Dreams and Shadows captures the Middle East in the midst of a historic transition. It draws on thirty-five years of reporting—through wars, revolutions, and uprisings as well as the birth of new democracy movements and a new generation of activists—in two dozen countries.

Dreams and Shadows is a tour d’horizon to probe what lies ahead. Drawing on firsthand interviews, the book is animated by the characters whose stories give the region’s transformation its human immediacy and urgency—from the region’s emirs and kings to the leaders of Hamas and Hezbollah, from political prisoners to street protesters, from the autocrats to the theocrats, and most of all a new generation of activists redefining the political debate at great personal risk.
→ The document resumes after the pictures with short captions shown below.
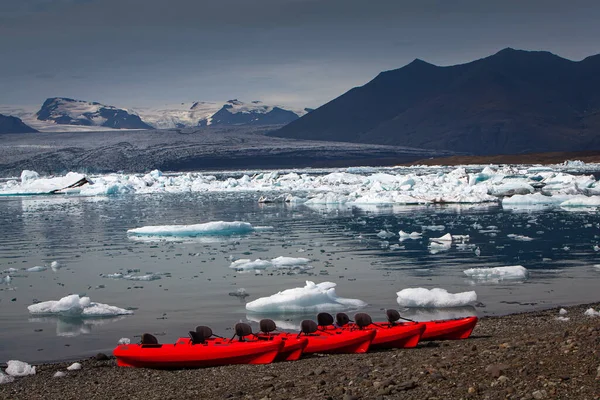 Floating Icebergs Jokulsarlon Glacier Lagoon Red Kayak Beach Foreground — Stock Photo, Image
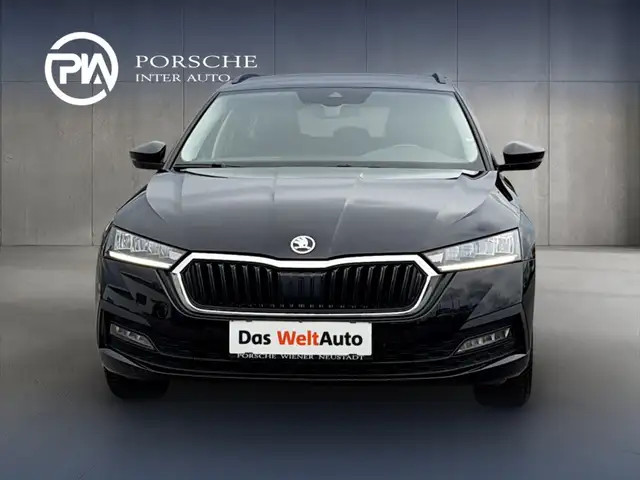 Skoda Octavia view 2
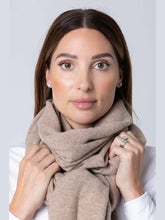 Load image into Gallery viewer, Dark Hampton The Clements Wool Scarf Hyde Boutique
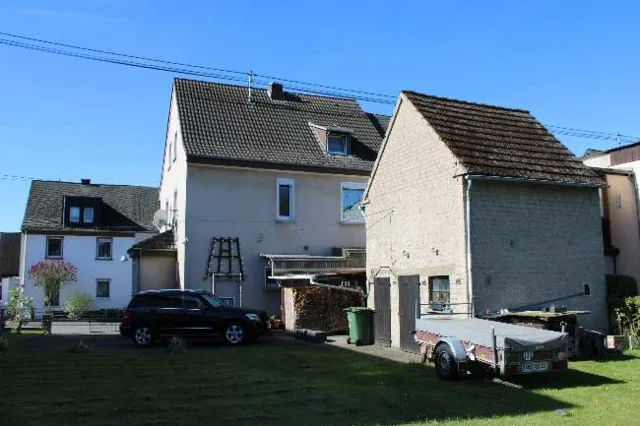 Zwangsversteigerung Einfamilienhaus in Nauort: Objektfoto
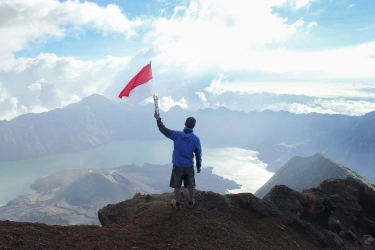 Gunung Rinjani Terkenal Ekstrem, Ini 21 Perlengkapan Wajib Sebelum Mendaki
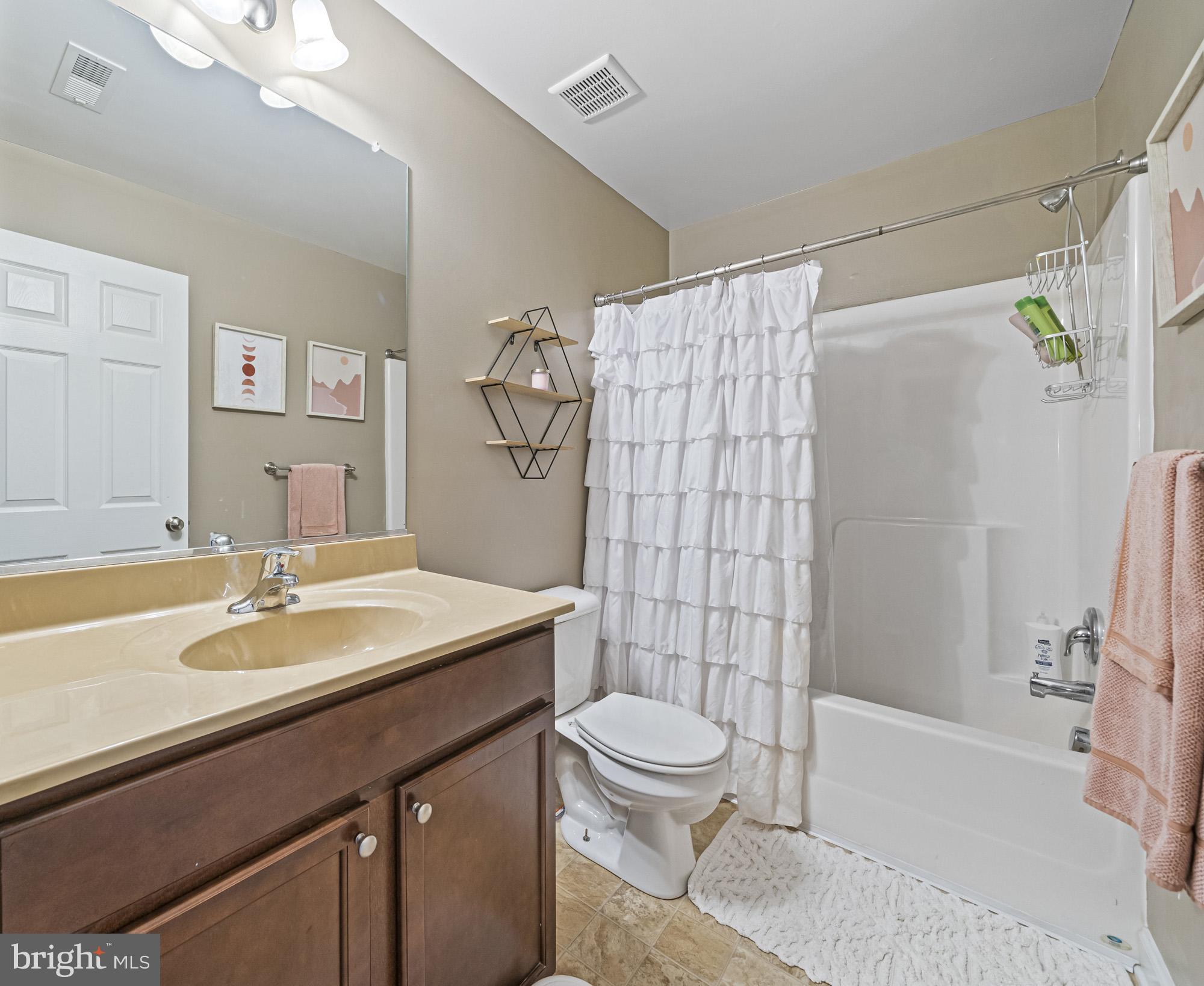 OAK TREE LANDING - Residential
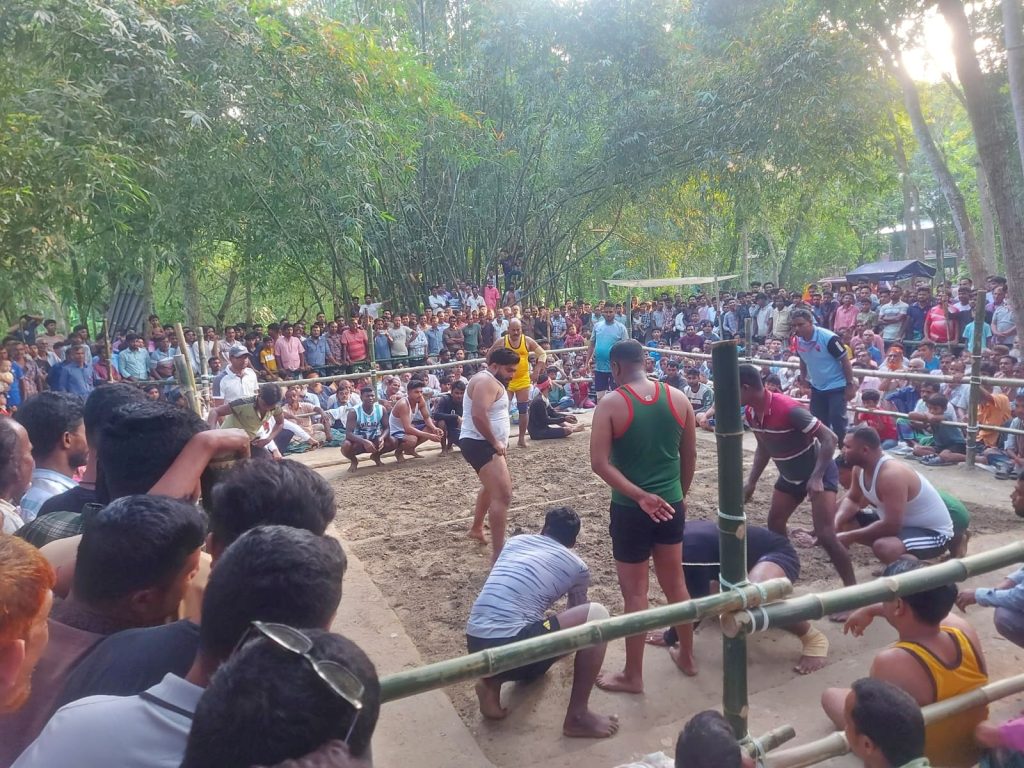 মানিকগঞ্জের হরিরামপুরে জাঁকজমক আয়োজনে হা-ডু-ডু টুর্নামেন্ট অনুষ্ঠিত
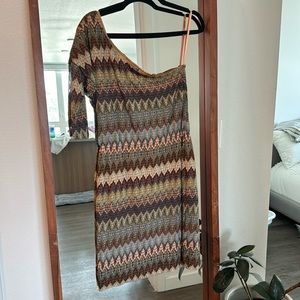 Copper patterned off shoulder dress. Size S.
It is also rich with the history that brought us to this point. It is a masterpiece of the reporter’s art and a work of enduring insight. The transformation of the Middle East is the issue that will absorb—and challenge—the world for at least the next generation.

The author’s lifetime of experience living and reporting from the Middle East has given her tremendous access to the key players. Her ability to share their stories with objectivity, and also put these events in the context of what’s occurring in the greater Middle East must place her among the best of the best in professional journalism. I’m going to look for her latest book — Rock the Casbah (2011).